Can parties choose not to follow the rules?

The broad principles of the Dilapidations Protocol outlined above are sensible in order to encourage the exchange of information and reasonably timely progress in the parties’ negotiations. However, the decision as to how a pursue a dilapidations claim beyond these stages will often depend on its likely value and involve an assessment of where it is sensible to incur costs.

In high-value cases or where there is a high risk that the matter is going to end up being litigated, it makes sense to follow the protocol’s requirements more closely. However, it can be sensible not to adhere rigidly to it in some instances – to see whether the parties can reach agreement without incurring costs which could make settlement more difficult and on evidence which may not be needed. If it transpires that agreement is not possible, the parties can always review the extent to which additional steps should be taken before any court action is pursued.

For example, one of the most contentious points is whether and, if so, when to provide a “section 18 valuation” (this refers to section 18(1) of the Landlord and Tenant Act 1927). The protocol makes it clear that a landlord should quantify its loss prior to issuing proceedings by providing a detailed breakdown of the issues and consequential losses. It notes that this may be based on either: “a formal diminution valuation or an account of the actual expenditure or, where [the landlord] has carried out some but not all remedial action, a combination of both; unless, in all the circumstances, it would be unreasonable to do so”.

The protocol also notes that any tenant relying on a defence on the basis of diminution “must state its case for so doing and provide a diminution valuation to the landlord”.

In many instances, it is the landlord who comes under pressure to produce a diminution valuation – especially where it has not undertaken all works specified in the schedule of dilapidations. However, parties will always need to review the relevant circumstances and bear in mind that there may be instances where it would be “unreasonable” to incur costs on a diminution valuation.

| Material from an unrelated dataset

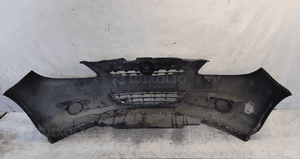 Zderzak przód przedni do opel corsa d + grill kod kolor Z20R czarny 5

Another point which can arise is the Dialpidations Protocol’s suggestion that parties should consider whether some form of alternative dispute resolution procedure would be more suitable than litigation for resolving the claim. Of course, no party can be forced to mediate and the decision as to whether to involve such a third party will often depend on costs, as well as the nature of the issues between the parties.

Unfortunately, there can sometimes be slavish reference to the protocol by parties and this can stall negotiations. Parties should bear in mind that the protocol expressly states that the court will be concerned “about whether the parties have complied in substance with the relevant principles and requirements and is not likely to be concerned with minor or technical shortcomings”. In reality, the issue of non-compliance with the protocol is likely to go to the question of costs and, even then, a judge will probably focus only on conduct which has resulted in costs being incurred unnecessarily and/or with any false representations. If you manage your case sensibly, with an appropriate exchange of evidence, then you are unlikely to be penalised.